TASK TO CARRY OUT:
Drop every picture. Return the rest of the entries exactly.

Crawled caption data:

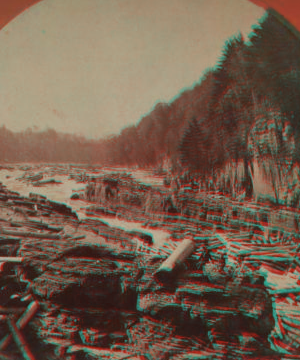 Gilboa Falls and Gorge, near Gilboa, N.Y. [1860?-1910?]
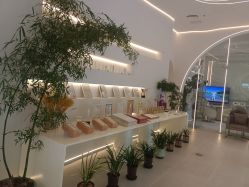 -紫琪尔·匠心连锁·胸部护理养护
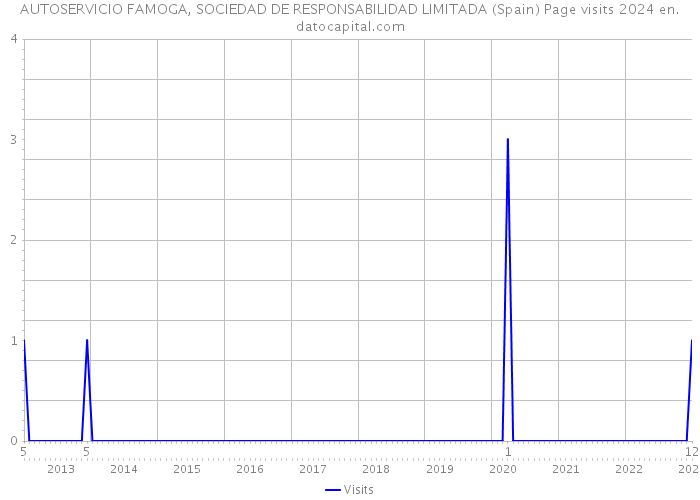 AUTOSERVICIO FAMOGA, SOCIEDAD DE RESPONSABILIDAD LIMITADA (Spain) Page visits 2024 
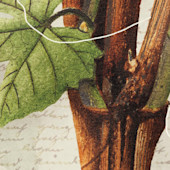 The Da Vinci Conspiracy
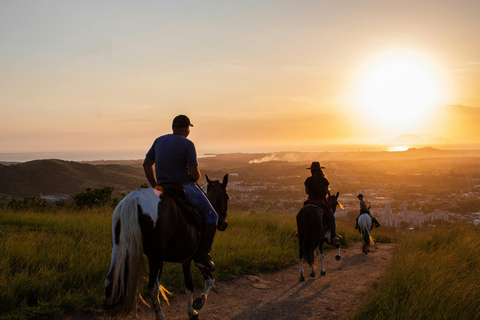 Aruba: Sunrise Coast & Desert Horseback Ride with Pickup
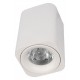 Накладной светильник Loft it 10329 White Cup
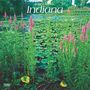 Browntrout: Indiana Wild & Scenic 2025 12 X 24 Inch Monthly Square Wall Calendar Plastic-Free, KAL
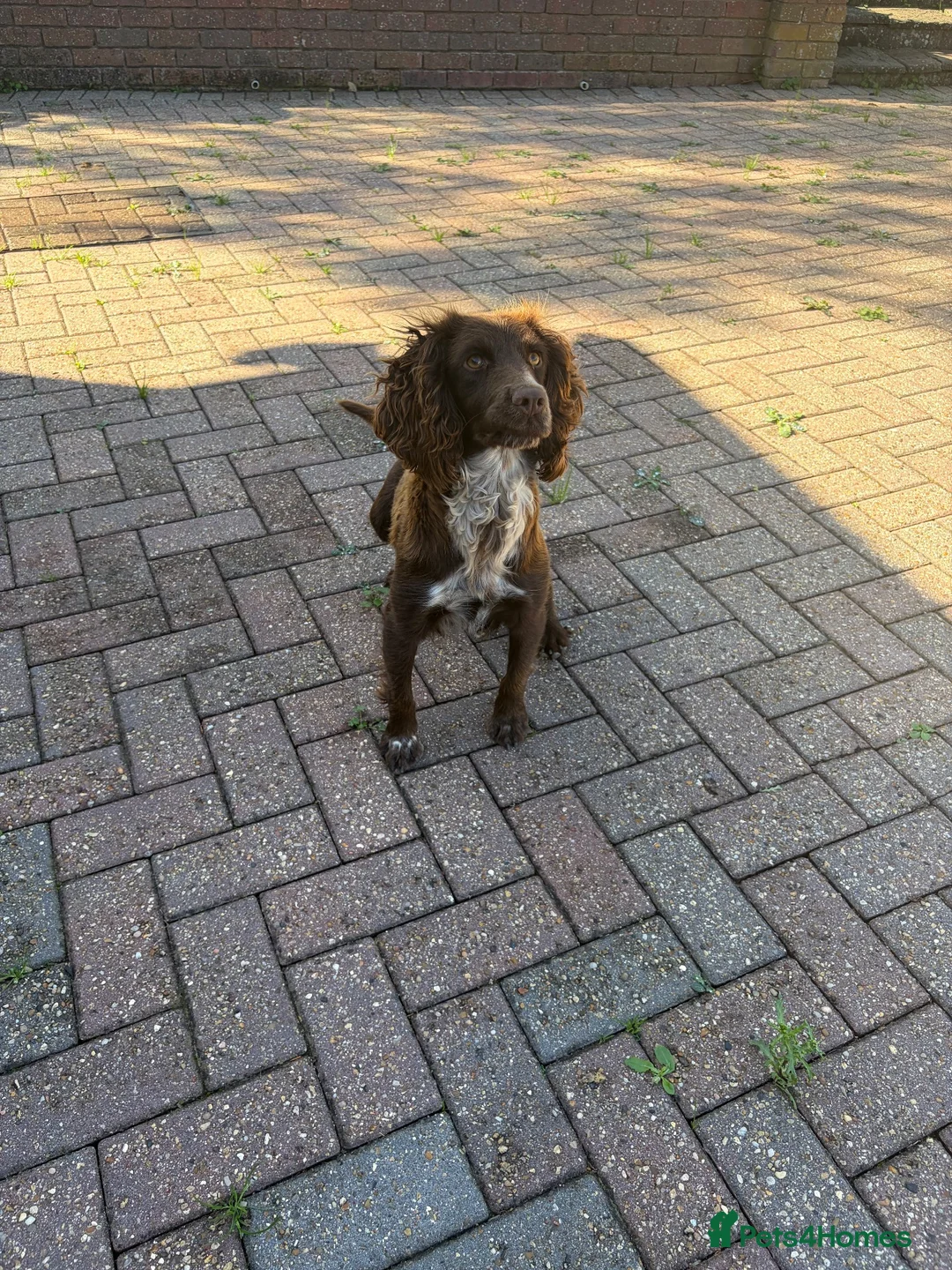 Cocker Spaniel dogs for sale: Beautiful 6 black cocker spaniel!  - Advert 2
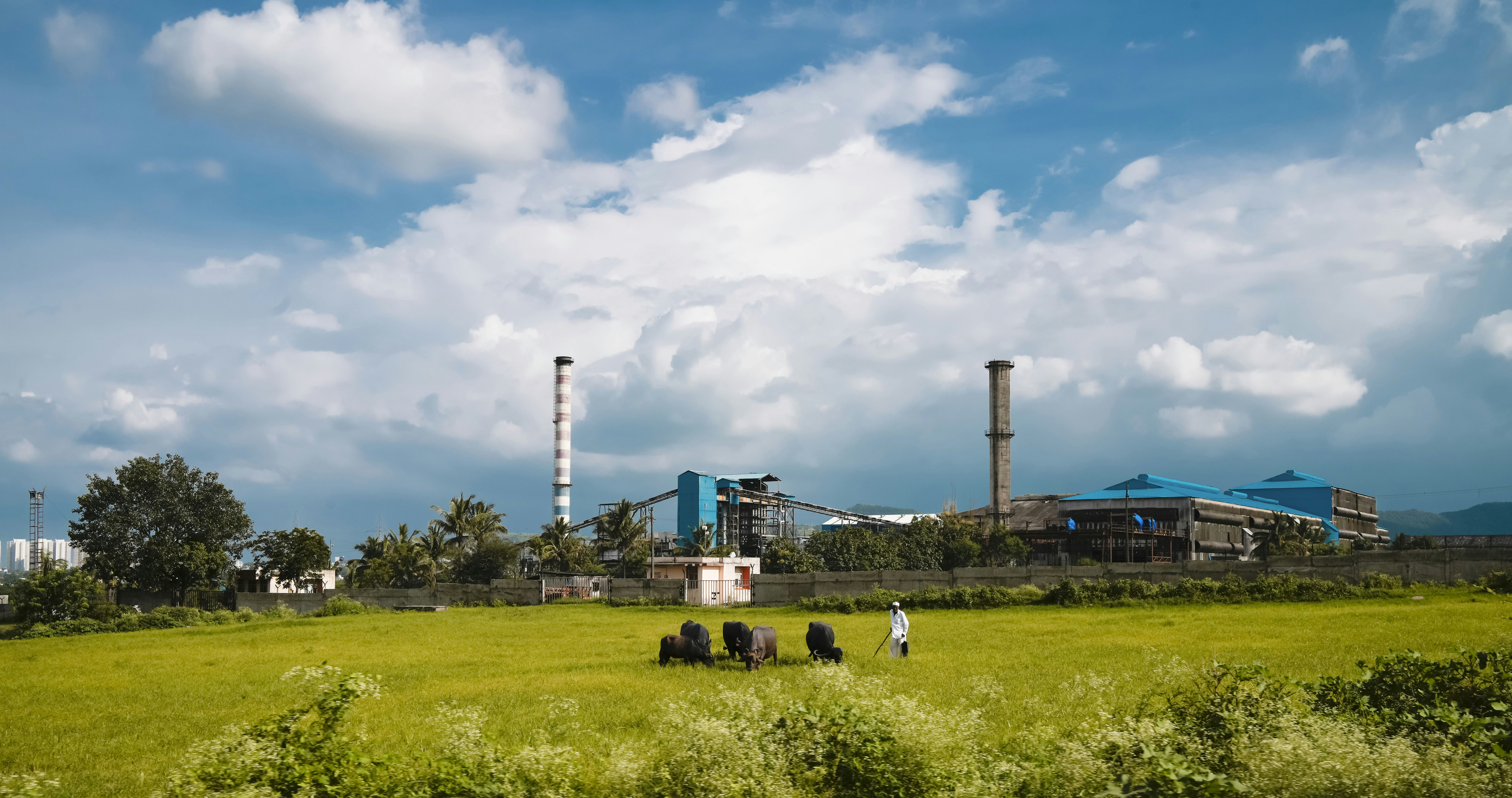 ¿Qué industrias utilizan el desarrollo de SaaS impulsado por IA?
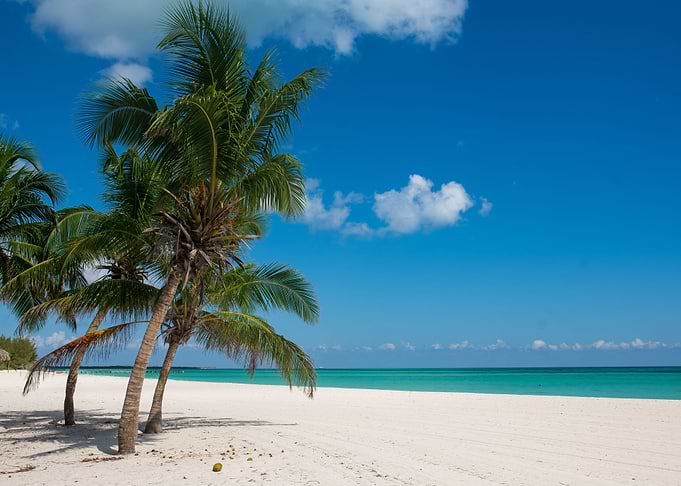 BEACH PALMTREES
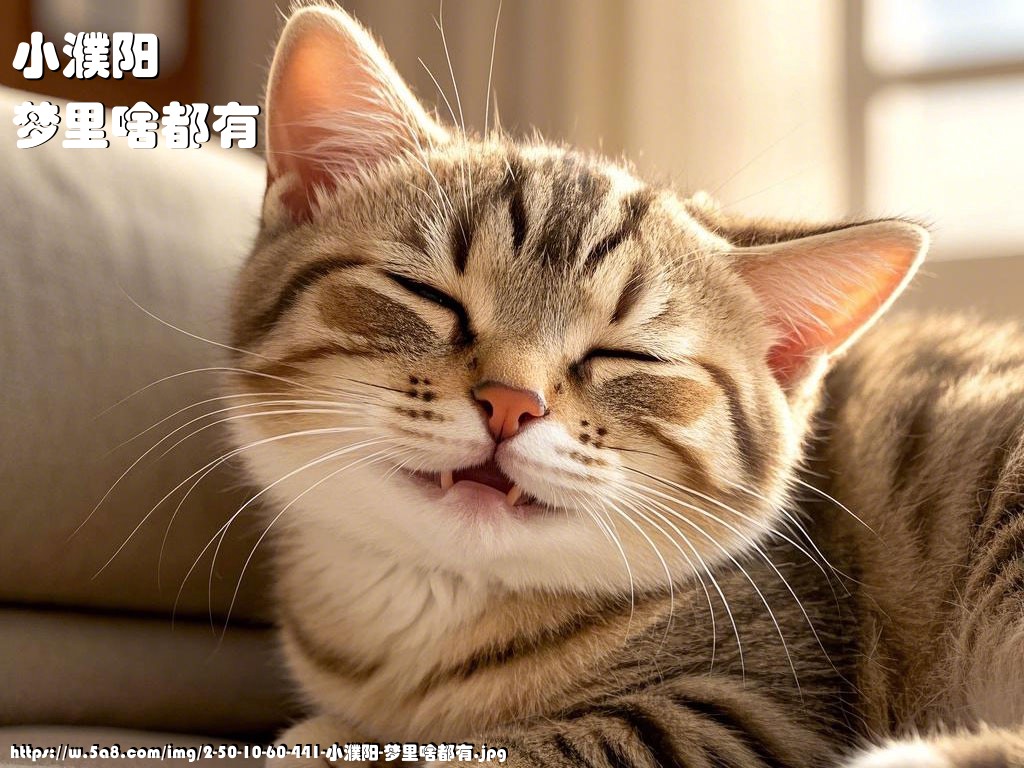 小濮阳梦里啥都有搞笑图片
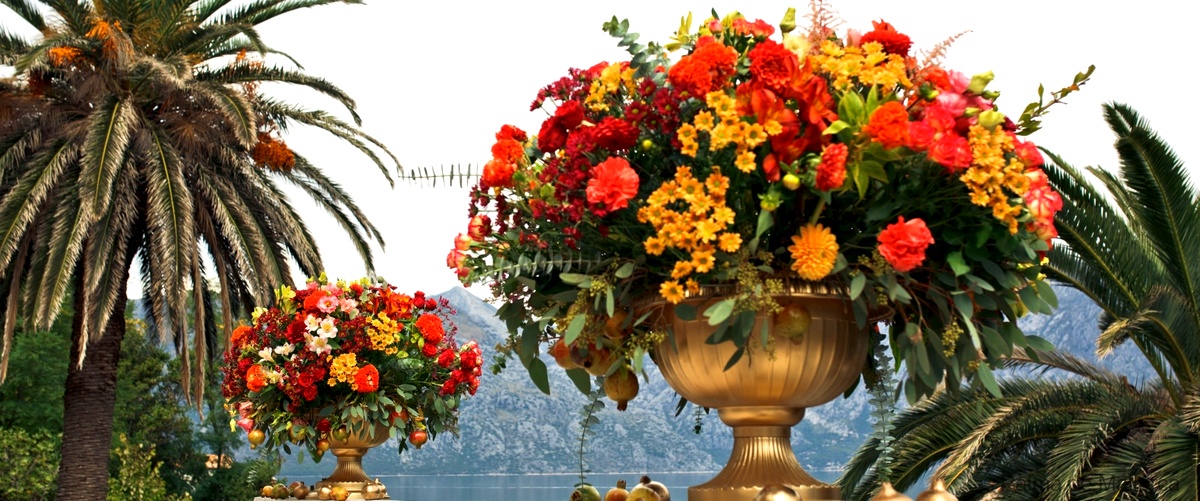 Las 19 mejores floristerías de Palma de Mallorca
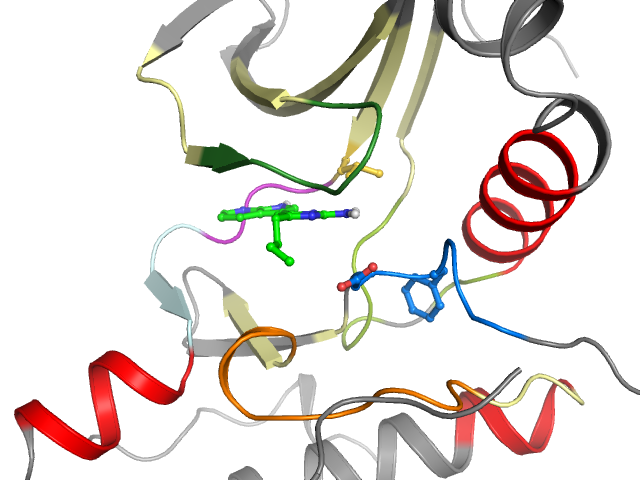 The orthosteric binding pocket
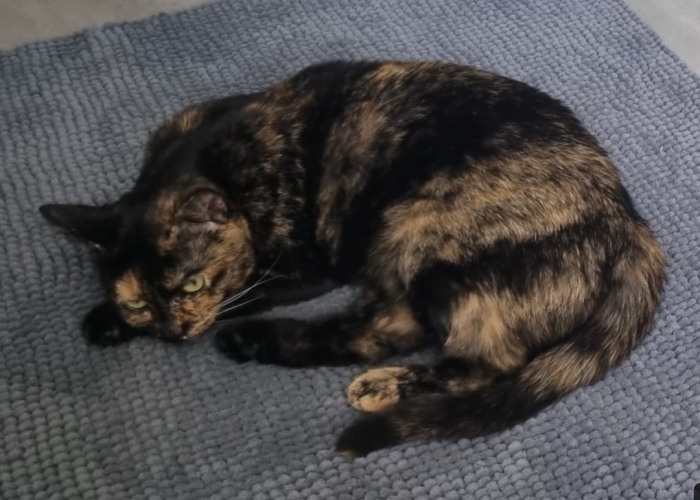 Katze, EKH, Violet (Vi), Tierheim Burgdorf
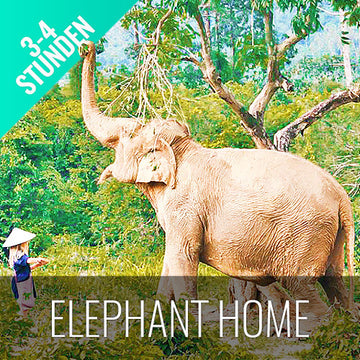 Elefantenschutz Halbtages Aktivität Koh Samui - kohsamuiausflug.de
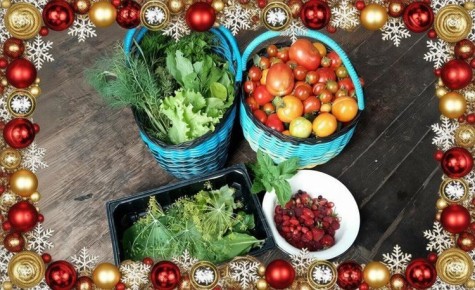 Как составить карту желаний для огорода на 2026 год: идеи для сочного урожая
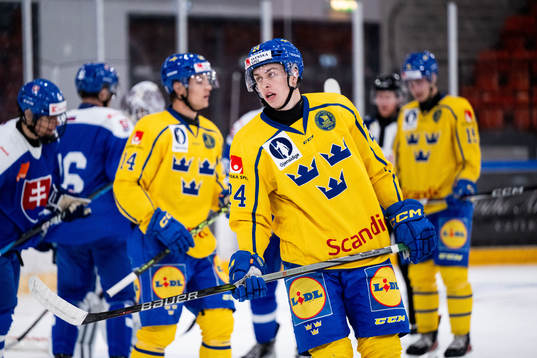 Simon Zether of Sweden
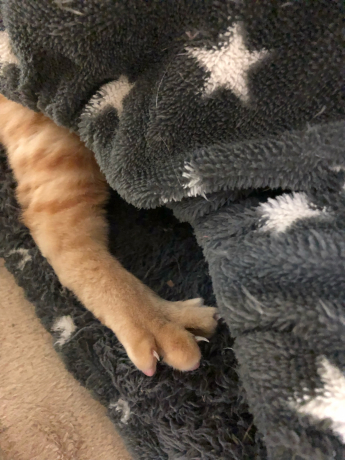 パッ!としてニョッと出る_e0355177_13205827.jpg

SOLUTION TO THE PROBLEM:
 Gilboa Falls and Gorge, near Gilboa, N.Y. [1860?-1910?]
 -紫琪尔·匠心连锁·胸部护理养护
 AUTOSERVICIO FAMOGA, SOCIEDAD DE RESPONSABILIDAD LIMITADA (Spain) Page visits 2024 
 The Da Vinci Conspiracy
 Aruba: Sunrise Coast & Desert Horseback Ride with Pickup
 Накладной светильник Loft it 10329 White Cup
 Browntrout: Indiana Wild & Scenic 2025 12 X 24 Inch Monthly Square Wall Calendar Plastic-Free, KAL
 Cocker Spaniel dogs for sale: Beautiful 6 black cocker spaniel!  - Advert 2
 ¿Qué industrias utilizan el desarrollo de SaaS impulsado por IA?
 BEACH PALMTREES
 小濮阳梦里啥都有搞笑图片
 Las 19 mejores floristerías de Palma de Mallorca
 The orthosteric binding pocket
 Katze, EKH, Violet (Vi), Tierheim Burgdorf
 Elefantenschutz Halbtages Aktivität Koh Samui - kohsamuiausflug.de
 Как составить карту желаний для огорода на 2026 год: идеи для сочного урожая
 Simon Zether of Sweden
 パッ!としてニョッと出る_e0355177_13205827.jpg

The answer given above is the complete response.